##### Data for this exercise
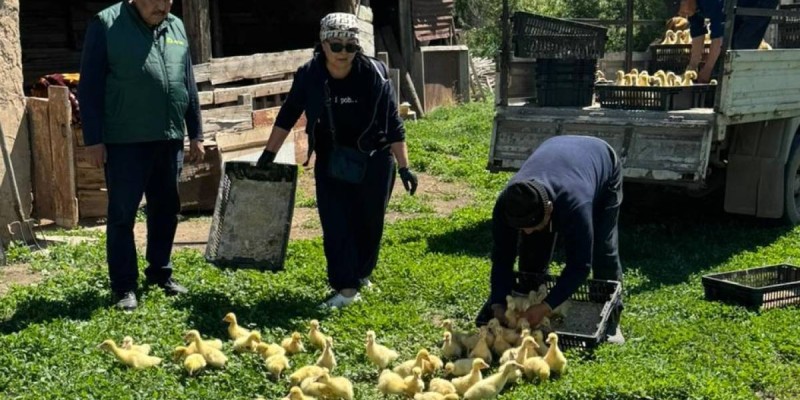 АУЫЛ ШАРУАШЫЛЫҒЫНДАҒЫ ЖАҢА СЕРПІН: Үржарда «Тауарлық несие» бағдарламасы сәтті басталды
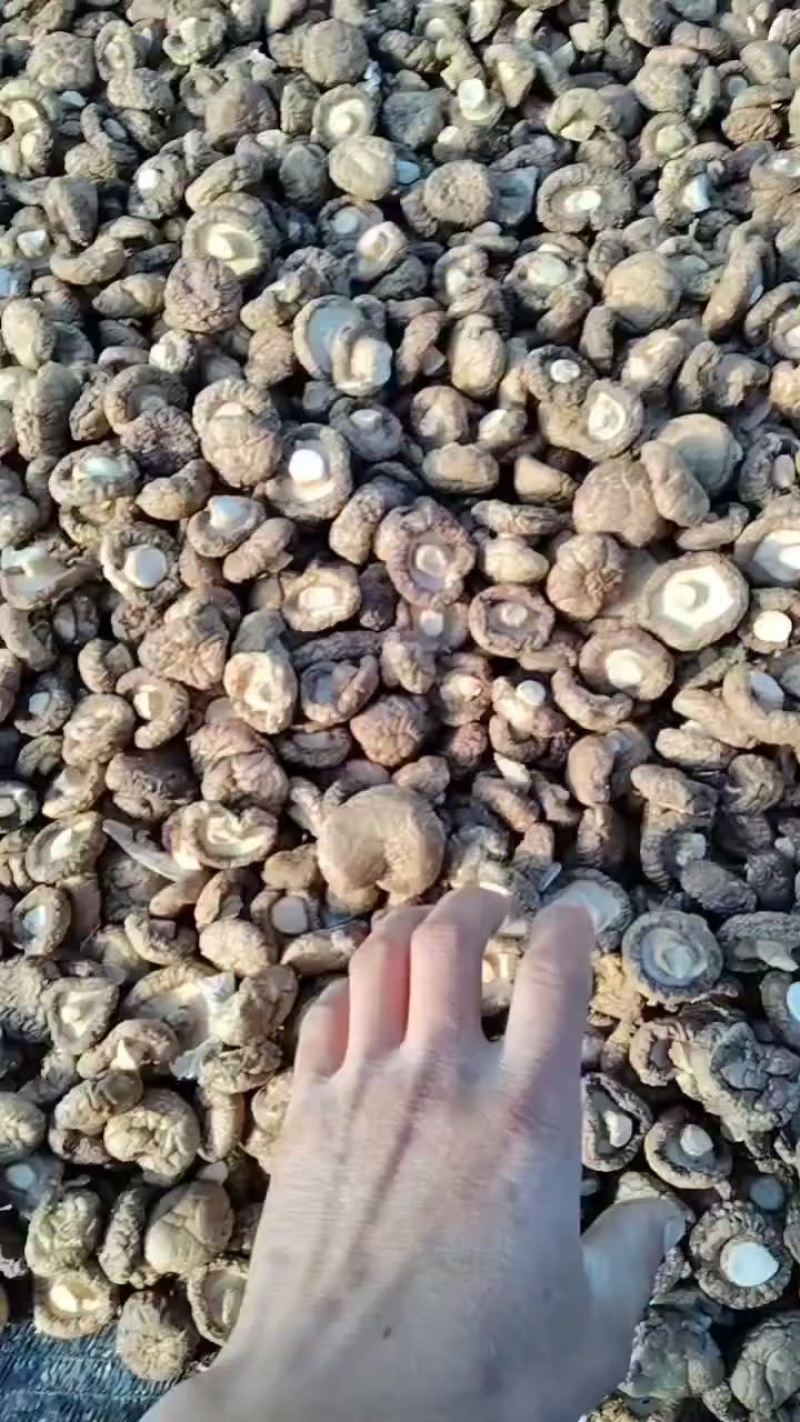 承德平泉香菇干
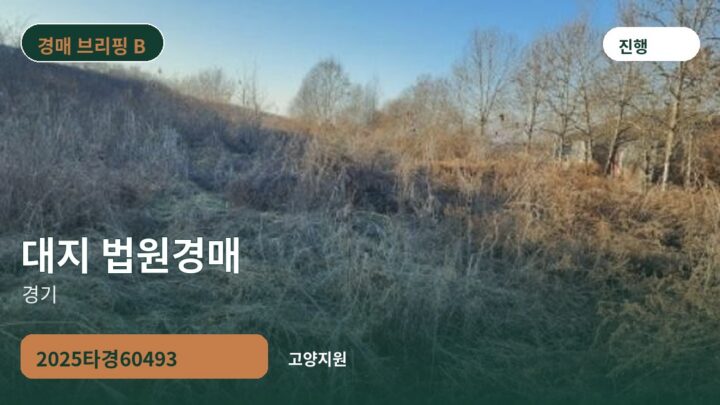 경기 대지 법원경매 | 2025타경60493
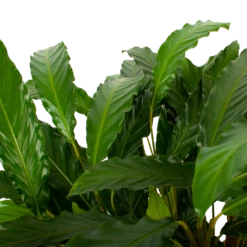 Calathea Rufibarba Bluegrass - Schaduwplant - P21 H85 - Kamerplant -Botanische Tuin calathea rufibarba bluegrass schaduwplant p21 h85 5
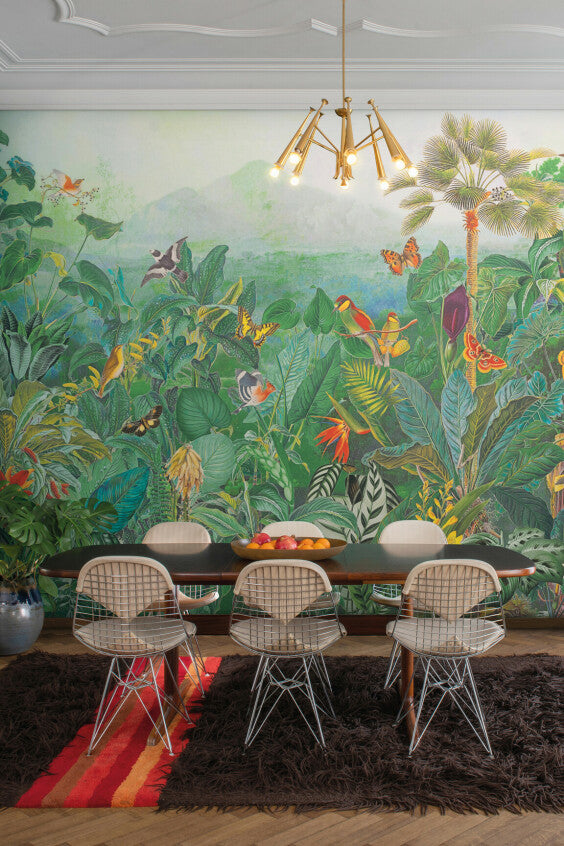 THE TROPICS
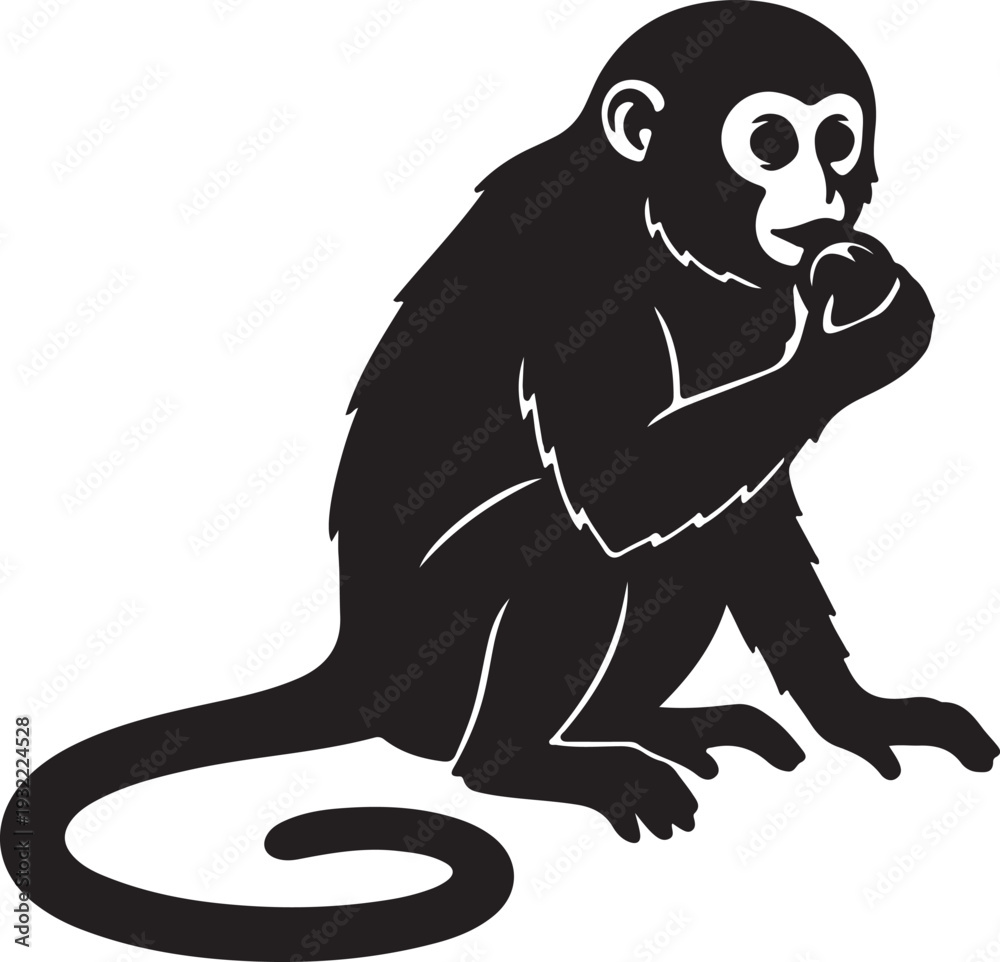 Obraz premium Owl monkey in silhouette.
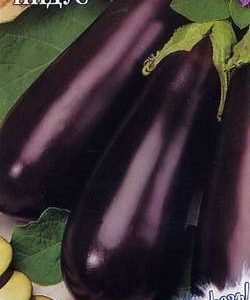 Баклажан Индус 0,3 г серия Заморозь! Н9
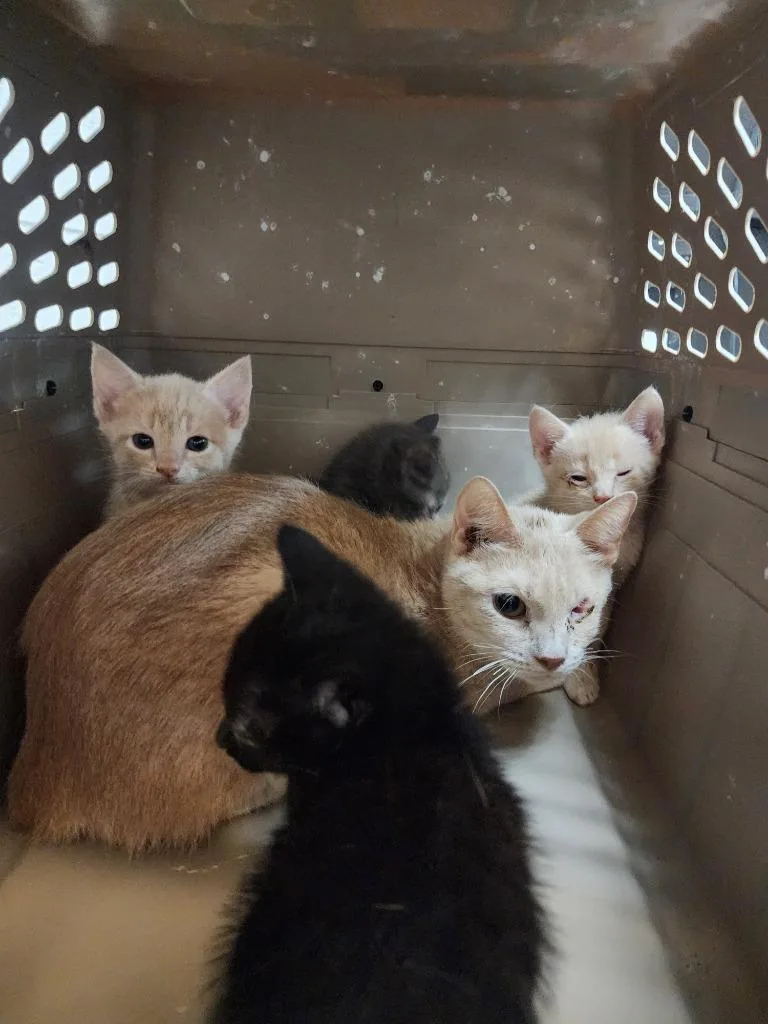 A baby medium-sized male Domestic Short Hair cat named Bandit for adoption in Rome, GA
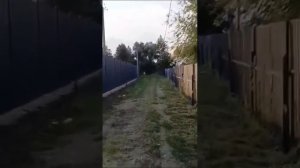 Захват реки Усманка в селе Орлово Новоусманского района Воронежской области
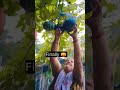 Pumpkin Harvest from Terrace! Gamle Mai Pumpkin Kaise Lagaye #youtubeshorts #shorts #shortvideo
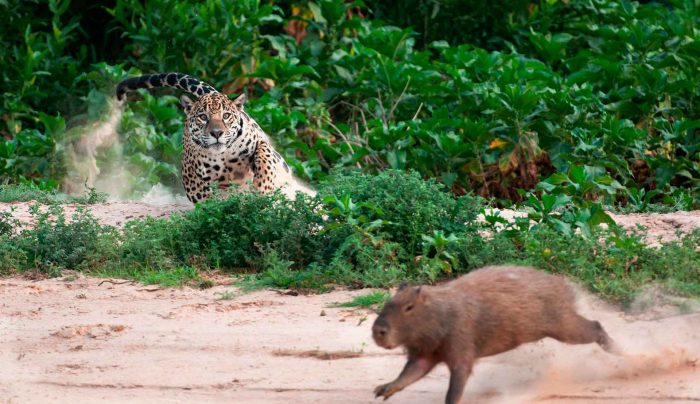 יגואר צד קפיברה.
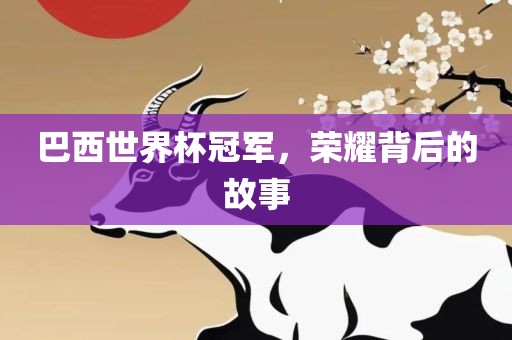 巴西世界杯冠军，荣耀背后的故事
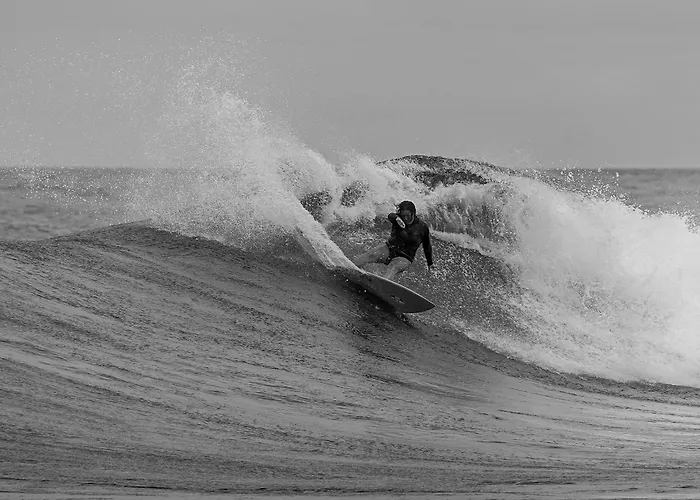 Twin Palms 'Beach House' - New Surf Front Location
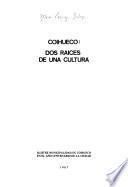 Coihueco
##########
:: Problem ::
Your answer must be an exact copy of the records, minus any pictures.

:: Written answer ::
 АУЫЛ ШАРУАШЫЛЫҒЫНДАҒЫ ЖАҢА СЕРПІН: Үржарда «Тауарлық несие» бағдарламасы сәтті басталды
 承德平泉香菇干
 경기 대지 법원경매 | 2025타경60493
 Calathea Rufibarba Bluegrass - Schaduwplant - P21 H85 - Kamerplant -Botanische Tuin calathea rufibarba bluegrass schaduwplant p21 h85 5
 THE TROPICS
 Obraz premium Owl monkey in silhouette.
 Баклажан Индус 0,3 г серия Заморозь! Н9
 A baby medium-sized male Domestic Short Hair cat named Bandit for adoption in Rome, GA
 Захват реки Усманка в селе Орлово Новоусманского района Воронежской области
 Pumpkin Harvest from Terrace! Gamle Mai Pumpkin Kaise Lagaye #youtubeshorts #shorts #shortvideo
 יגואר צד קפיברה.
 巴西世界杯冠军，荣耀背后的故事
 Twin Palms 'Beach House' - New Surf Front Location
 Coihueco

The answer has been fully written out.